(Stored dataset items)
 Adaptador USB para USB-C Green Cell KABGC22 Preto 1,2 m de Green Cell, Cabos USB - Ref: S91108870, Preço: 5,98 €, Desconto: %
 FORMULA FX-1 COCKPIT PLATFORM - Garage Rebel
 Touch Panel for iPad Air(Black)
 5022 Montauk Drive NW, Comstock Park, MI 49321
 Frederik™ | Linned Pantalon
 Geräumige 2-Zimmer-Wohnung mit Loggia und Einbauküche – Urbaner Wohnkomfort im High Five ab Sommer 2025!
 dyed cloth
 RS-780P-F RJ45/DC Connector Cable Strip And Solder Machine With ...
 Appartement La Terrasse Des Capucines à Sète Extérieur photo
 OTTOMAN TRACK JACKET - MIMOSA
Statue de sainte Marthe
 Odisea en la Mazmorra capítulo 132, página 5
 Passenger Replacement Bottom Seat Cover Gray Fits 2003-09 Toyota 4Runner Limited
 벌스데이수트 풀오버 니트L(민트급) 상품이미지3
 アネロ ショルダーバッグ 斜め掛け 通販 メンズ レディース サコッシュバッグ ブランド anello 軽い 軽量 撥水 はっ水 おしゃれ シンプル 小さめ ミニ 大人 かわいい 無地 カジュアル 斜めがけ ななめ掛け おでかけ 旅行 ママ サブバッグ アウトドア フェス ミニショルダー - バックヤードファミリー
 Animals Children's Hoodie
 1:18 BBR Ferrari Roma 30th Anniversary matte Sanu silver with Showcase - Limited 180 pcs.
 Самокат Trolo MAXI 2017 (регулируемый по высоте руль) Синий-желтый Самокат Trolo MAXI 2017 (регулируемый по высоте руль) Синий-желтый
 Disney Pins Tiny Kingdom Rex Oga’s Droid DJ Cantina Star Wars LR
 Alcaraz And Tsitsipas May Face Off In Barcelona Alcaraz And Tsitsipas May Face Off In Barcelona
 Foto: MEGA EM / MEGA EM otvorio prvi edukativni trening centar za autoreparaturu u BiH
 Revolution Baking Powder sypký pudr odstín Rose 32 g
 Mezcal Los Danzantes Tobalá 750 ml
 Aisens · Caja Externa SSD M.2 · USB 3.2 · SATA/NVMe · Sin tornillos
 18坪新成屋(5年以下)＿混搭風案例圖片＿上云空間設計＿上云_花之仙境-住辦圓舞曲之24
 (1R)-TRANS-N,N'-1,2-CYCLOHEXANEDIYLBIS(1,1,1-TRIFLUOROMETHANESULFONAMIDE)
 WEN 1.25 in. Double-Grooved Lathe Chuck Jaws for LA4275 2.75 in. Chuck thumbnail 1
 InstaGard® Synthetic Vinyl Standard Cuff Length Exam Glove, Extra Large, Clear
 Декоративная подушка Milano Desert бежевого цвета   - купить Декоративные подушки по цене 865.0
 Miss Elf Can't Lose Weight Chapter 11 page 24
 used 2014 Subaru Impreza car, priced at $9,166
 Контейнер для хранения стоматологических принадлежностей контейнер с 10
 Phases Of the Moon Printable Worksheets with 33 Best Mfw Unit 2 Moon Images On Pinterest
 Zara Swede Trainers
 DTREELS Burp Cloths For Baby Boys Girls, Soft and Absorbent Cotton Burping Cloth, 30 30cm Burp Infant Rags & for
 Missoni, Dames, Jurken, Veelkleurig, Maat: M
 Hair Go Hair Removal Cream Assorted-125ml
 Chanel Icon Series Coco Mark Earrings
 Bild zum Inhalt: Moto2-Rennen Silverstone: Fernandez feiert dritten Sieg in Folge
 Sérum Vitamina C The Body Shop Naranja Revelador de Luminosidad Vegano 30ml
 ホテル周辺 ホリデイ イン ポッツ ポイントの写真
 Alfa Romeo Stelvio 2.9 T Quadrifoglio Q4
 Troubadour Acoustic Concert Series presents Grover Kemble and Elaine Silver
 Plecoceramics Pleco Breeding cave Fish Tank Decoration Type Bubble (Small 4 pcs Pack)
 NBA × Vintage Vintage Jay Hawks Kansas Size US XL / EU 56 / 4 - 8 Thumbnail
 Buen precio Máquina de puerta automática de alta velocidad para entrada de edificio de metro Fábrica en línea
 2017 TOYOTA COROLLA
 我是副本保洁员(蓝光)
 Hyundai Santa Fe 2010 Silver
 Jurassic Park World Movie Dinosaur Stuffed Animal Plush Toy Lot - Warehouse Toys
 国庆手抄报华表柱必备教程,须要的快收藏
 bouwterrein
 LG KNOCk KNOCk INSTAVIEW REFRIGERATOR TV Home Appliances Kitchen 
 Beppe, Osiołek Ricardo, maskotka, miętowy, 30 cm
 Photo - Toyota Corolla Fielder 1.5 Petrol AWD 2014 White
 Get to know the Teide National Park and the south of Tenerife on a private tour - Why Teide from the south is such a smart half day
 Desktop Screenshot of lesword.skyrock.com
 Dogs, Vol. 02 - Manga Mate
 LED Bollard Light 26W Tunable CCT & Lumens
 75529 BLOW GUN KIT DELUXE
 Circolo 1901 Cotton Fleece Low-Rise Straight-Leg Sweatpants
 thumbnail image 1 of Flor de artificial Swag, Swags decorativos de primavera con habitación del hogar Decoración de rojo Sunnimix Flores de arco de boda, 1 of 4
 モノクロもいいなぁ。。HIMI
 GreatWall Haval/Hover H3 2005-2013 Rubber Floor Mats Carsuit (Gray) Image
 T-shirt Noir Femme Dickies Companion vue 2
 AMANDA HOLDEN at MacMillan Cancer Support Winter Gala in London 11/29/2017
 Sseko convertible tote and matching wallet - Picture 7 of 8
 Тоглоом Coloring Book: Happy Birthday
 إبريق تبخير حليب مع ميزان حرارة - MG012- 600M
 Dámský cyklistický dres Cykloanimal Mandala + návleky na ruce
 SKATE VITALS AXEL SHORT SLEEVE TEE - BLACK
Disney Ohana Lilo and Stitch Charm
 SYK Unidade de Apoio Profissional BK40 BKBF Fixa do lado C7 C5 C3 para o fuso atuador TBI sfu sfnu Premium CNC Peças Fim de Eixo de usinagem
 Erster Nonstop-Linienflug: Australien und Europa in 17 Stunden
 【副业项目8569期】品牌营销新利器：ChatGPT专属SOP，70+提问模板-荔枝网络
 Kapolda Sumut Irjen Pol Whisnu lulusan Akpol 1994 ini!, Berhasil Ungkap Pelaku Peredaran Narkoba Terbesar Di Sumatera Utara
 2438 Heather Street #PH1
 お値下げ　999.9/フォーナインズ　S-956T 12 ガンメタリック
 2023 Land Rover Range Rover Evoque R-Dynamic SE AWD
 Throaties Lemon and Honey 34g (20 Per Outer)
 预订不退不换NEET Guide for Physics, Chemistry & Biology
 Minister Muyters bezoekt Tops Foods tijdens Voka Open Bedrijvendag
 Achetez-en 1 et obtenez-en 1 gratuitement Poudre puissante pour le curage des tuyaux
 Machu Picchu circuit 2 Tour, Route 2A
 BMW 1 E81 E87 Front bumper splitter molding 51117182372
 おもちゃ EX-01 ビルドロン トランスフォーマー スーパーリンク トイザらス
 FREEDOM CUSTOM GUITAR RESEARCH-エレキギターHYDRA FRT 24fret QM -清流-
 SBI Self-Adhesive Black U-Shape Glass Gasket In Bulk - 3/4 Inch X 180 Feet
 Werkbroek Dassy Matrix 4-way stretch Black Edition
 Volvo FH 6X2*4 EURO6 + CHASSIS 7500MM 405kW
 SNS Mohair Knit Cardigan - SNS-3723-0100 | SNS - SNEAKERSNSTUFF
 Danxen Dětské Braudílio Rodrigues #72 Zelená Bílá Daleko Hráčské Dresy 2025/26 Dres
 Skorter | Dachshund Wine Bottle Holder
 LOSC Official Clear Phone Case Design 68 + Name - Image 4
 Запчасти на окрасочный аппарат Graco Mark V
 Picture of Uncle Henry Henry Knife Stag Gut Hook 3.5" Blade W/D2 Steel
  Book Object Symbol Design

#### ACTIVITY
Starting at the line that contains "Skorter | Dachshund Wine Bottle Holder", return every line through the last one above, exactly as written.

#### OUTPUT OF THE EXERCISE
 Skorter | Dachshund Wine Bottle Holder
 LOSC Official Clear Phone Case Design 68 + Name - Image 4
 Запчасти на окрасочный аппарат Graco Mark V
 Picture of Uncle Henry Henry Knife Stag Gut Hook 3.5" Blade W/D2 Steel
  Book Object Symbol Design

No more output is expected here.